Hey y'all,
For the past little while I've been working on a technical overview doc for #3600 (Prevent redirects from transmitting+storing cookies+identifiers) detailing the problems, scenarios and possible solutions. Please take a look and feel free to comment, edit or add!
Link: https://storm.torproject.org/grain/X4nhdNqR9fGRc7sgTefFkg/
best, -Richard
And here's a link that actually works: https://storm.torproject.org/shared/Kw99Ow0ExZFFC6FKD5CeryfVFAoAL9Z_iEVlflI0...
On 10/26/18 1:34 PM, Richard Pospesel wrote:
Hey y'all,
For the past little while I've been working on a technical overview doc for #3600 (Prevent redirects from transmitting+storing cookies+identifiers) detailing the problems, scenarios and possible solutions. Please take a look and feel free to comment, edit or add!
Link: https://storm.torproject.org/grain/X4nhdNqR9fGRc7sgTefFkg/
best, -Richard _______________________________________________ tor-dev mailing list tor-dev@lists.torproject.org https://lists.torproject.org/cgi-bin/mailman/listinfo/tor-dev
I spent some time reading through the Mix and Match proposal. I'm not sure I understand it.
In particular, I am confused about:
The proposal seems to focus heavily on what we do with state we receive as part of the redirect. Do we promote it, do we leave it double keyed. It doesn't seem to explain how we choose what state to _send_. For example:
For instance, in a redirect chain from foo.com -> tracker.com -> bar.com, the tracker.com cookies will be double keyed foo.com|tracker.com, while the bar.com cookies will be double keyed foo.com|bar.com. However, after the user begins to interact with bar.com, bar.com is promoted to be the First Party Domain, and Cookies set on the initial redirect need to be moved under the bar.com key.
When we send a request to foo.com, I assume we will send any current cookies we have keyed under foo.com|foo.com[0]. When we receive a redirect to tracker.com - how do we choose what state to send? We don't know head of time whether it will give us a redirect or not, so are we sending it any state we have under tracker.com|tracker.com (treating it as a first party) or are we sending it any state we have under foo.com|tracker.com?
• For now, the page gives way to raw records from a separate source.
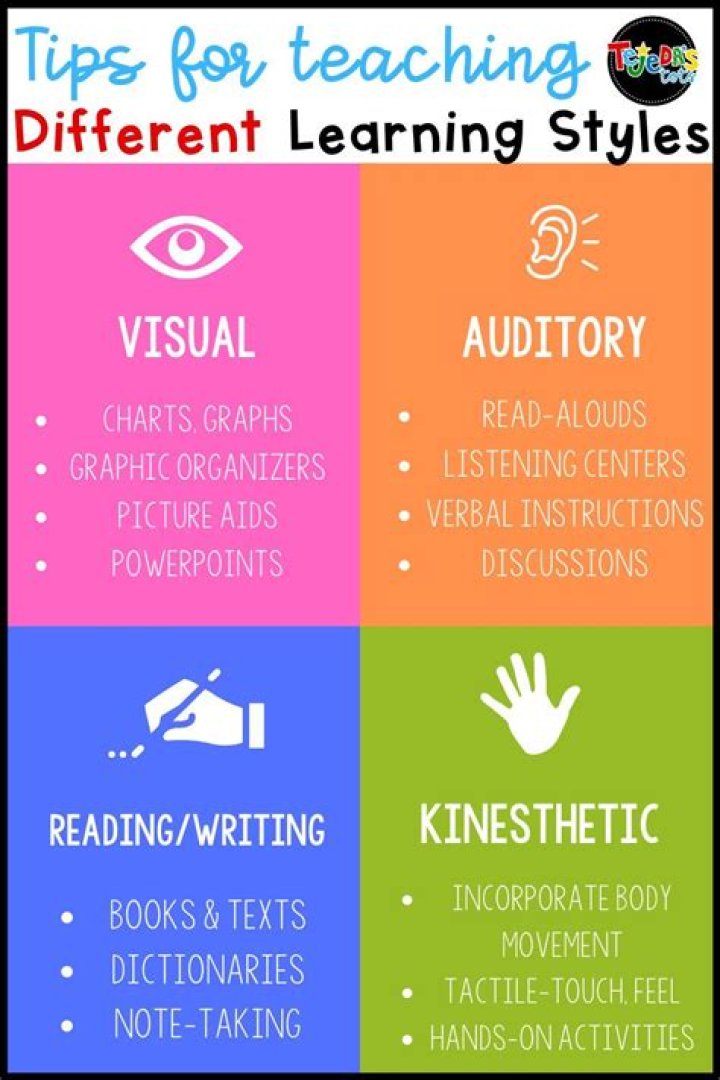 How do I start learning Visual Basic?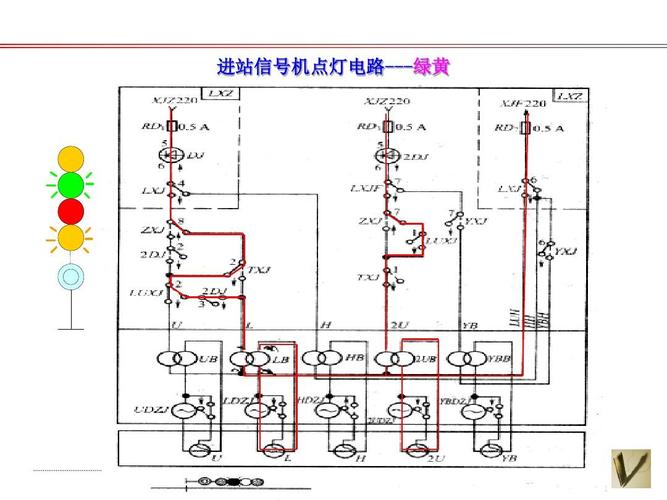 进站信号机点灯电路ppt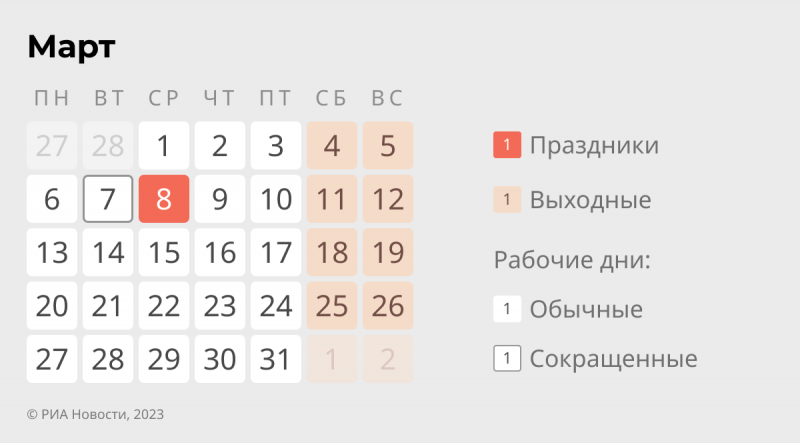 <br />
Праздничные дни на 8 марта в 2023 году, сколько будем отдыхать                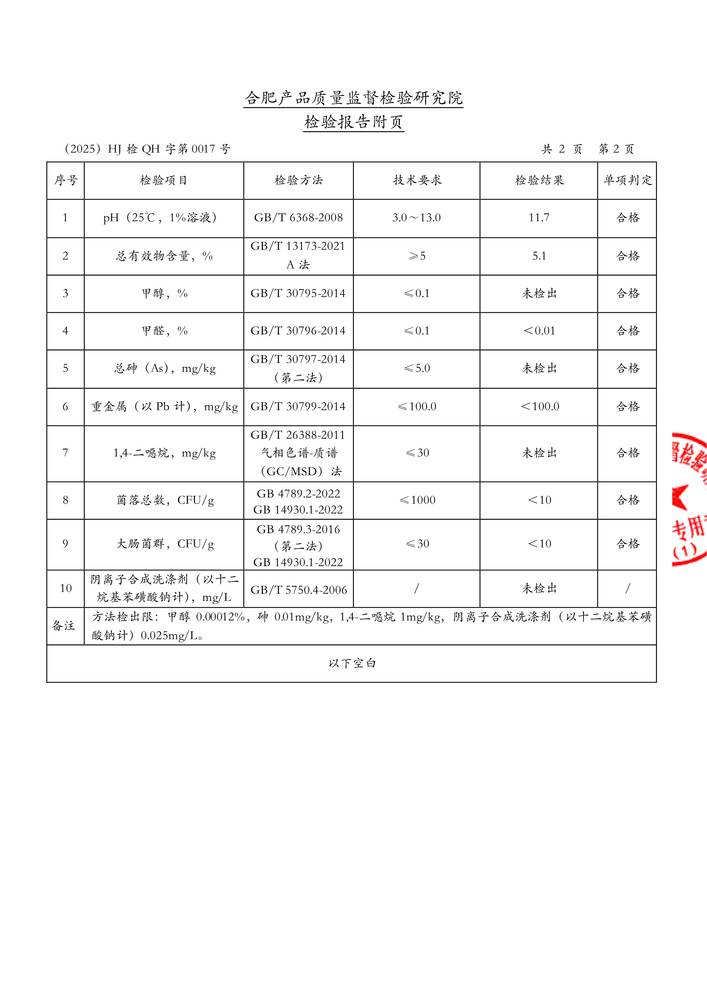 檢驗（yàn）報告-機用洗滌劑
The latter is better for privacy; but it would require you to re-sign-in via Oauth a lot (pretend tracker.com is oauth.com); and I'm nervous it would break login flows. Especially if you interact with oauth.com and that seems to promote it into oauth.com|oauth.com and then you later go through foo.com|oauth.com and there's no state there...
[0] I'm pretty sure that we use the First Party Domain as both the primary and secondary key for state under the first party; right? In any event, when I say foo.com|foo.com I mean data keyed under the foo.com first party.
I'm also a bit confused about the difference between different targets of redirects. It seems like: - If the target is example.com: we don't double-key or need to promote upon interaction - If the target is example.com?lang=en: we do double-key any state set, and upon user interaction promote the state to first party. - If the target is example.com/foo/bar.html: we do double-key any state set, and upon user interaction promote the state to first party.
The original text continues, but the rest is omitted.